First and most fundamentally, the cultural turn opposes explanations that follow from social naturalism, or what George Steinmetz has called “foundationalist decontextualization.”29 Rather than making some a historical and essentialist assumptions about human nature—humans are instrumentally rational, aggressive, or territorial; women are nurturing; Armenians are good merchants—or positing primordial or transhistorical institutions—individuality, the market, the nation—as fundamental to human society, culturalism and historicism argue that there are no timeless, decontextualized, ahistorical or “natural” characteristics or institutions. Things that appear to be most natural to human society—market economies, the state, the nation, society itself—are historical constructions made by human actors who in turn are reconstituted by the very products of their making. Culturalists, therefore, are deeply suspicious of hard, fixed, essential social categories—class, nation, gender—and propose considering a more radical understanding of identities as fluid, multiple, fragmented, and constantly in need of hard work to sustain.30
Second, whereas the linguistic and historical turns share this general proposition, they place the weight of explanation on language and history, while the cultural turn emphasizes the constitutive power of culture broadly understood. Culture is seen as a “category of social life,” different from though not unrelated to the economy, society, or politics. Culture is not simply derivative of other spheres, as more objectivist approaches might have it, nor is it reducible to material or other non-cultural causes. The ordinary uses of the word “culture” are multiple and contested, but culturalists are intensely interested in the problem of meanings that are not limited by the strictly linguistic and the processes through which they are made. Most fruitfully, culture may be thought of as “a system of symbols possessing a real but thin coherence that is continually put at risk in practice and therefore subject to transformation.”31 Culturalism proposes the autonomy and power of culture, even while it is deeply committed to historicization.
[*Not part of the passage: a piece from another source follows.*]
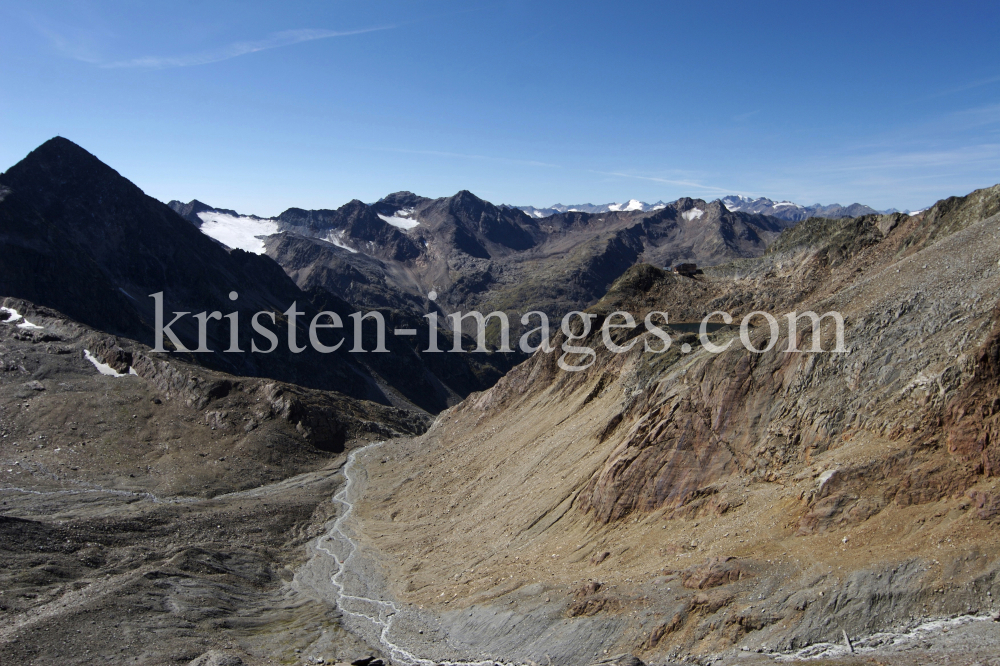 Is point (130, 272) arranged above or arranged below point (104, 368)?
above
Understanding comes with cultural, spatial, and temporal contextualization. But—here following Thompson—history is never just lived, but made. Similarly, many accept the constitution of social forms and knowledge by language, but are reluctant to limit constitution to language alone. Although the world might be read like a text, it is not the same as a text.
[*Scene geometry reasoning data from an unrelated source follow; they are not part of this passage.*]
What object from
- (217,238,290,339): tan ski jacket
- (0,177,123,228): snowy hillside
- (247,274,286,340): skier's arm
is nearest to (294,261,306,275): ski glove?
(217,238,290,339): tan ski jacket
Third, culture itself was, like all other categories and identities, to be “problematized” (a favorite activity of those invested in the turn). From a holistic or unified idea of culture as a self-sustaining system, in which all the parts work toward an integrated whole (something akin to the Marxist notion of totality), anthropologists would shift increasingly toward a notion of culture as a contested area in which meaning was changeable, conflicted, and inflected with politics. Culture as “a coherent system of symbols and meanings” gave way in the work of many scholars to a notion of culture as practice.32 What looked far more coherent, constant, and integrated in the classical ethnographies of Bronislaw Malinowski, Margaret Mead, Ruth Benedict, and even Clifford Geertz is now thought of as “worlds of meaning” that are normally “contradictory, loosely integrated, contested, mutable, and highly permeable.”33 Culture, like society, is a field of play with borders far less clear than in earlier imaginations, internal harmonies less apparent, in which actors and groups contend for position and power, sometimes in institutions, sometimes over control of meaning. In its full flower the cultural turn holds that culture “is not an object to be described, neither is it a unified corpus of symbols and meanings that can be definitively interpreted. Culture is contested, temporal, and emergent.”34
Anthropology in the post-colonial globalized world no longer enjoys the imagined luxury of studying isolated, uncontaminated “primitive” societies far from the invading influence of modernity.35 A new generation of ethnographers has turned its attention back to the metropole and investigation of more complex societies in the first and second worlds. Likewise, other categories are no longer seen as fixed, given, and stable. Society, nation, gender, politics, the economy, and identities are reconceived as arenas of contestation, of difference rather than harmony.36
Fourth, the cultural turn shares with Foucault a suspicion of the stable, rational, sovereign subject. It emphasizes agency, but the nature of the agent is under reconsideration. As Terrence McDonald puts it, “Agency and the agent … have taken on critical importance at precisely the same time that the concept of the agent has been evacuated of much of its content. Rather than a colossus bestriding the pages of history, the agent must now emerge from those pages.”37 The historical agent can no longer simply be deduced “from a putative map of social structures and accompanying subject positions,” but must be understood in the contexts of power and discourse, constituted structures as well as historic conjunctures and events.38 The injunction against reductionisms of any kind has led some cultural interpretivists to suspect the kinds of explanations from “exogenous” factors, like economics, ideologies, or even psychological drives or human nature. And the emphasis on the self-constituting agent, or the problem of subjectivity and the mutual constitution of actor and structure, leads cultural interpretivists to question the paradigms of positivism and hold back from seeking causal explanations. This reluctance puts them at odds with those social scientists, particularly in political science, whose fundamental reason to do science is the search for causality.39 Even before the cultural turn, but more intensively after it, scholars have turned their attention to the constitution of social phenomena, particularly to those previously so emphatically naturalized: identity, interests, and power.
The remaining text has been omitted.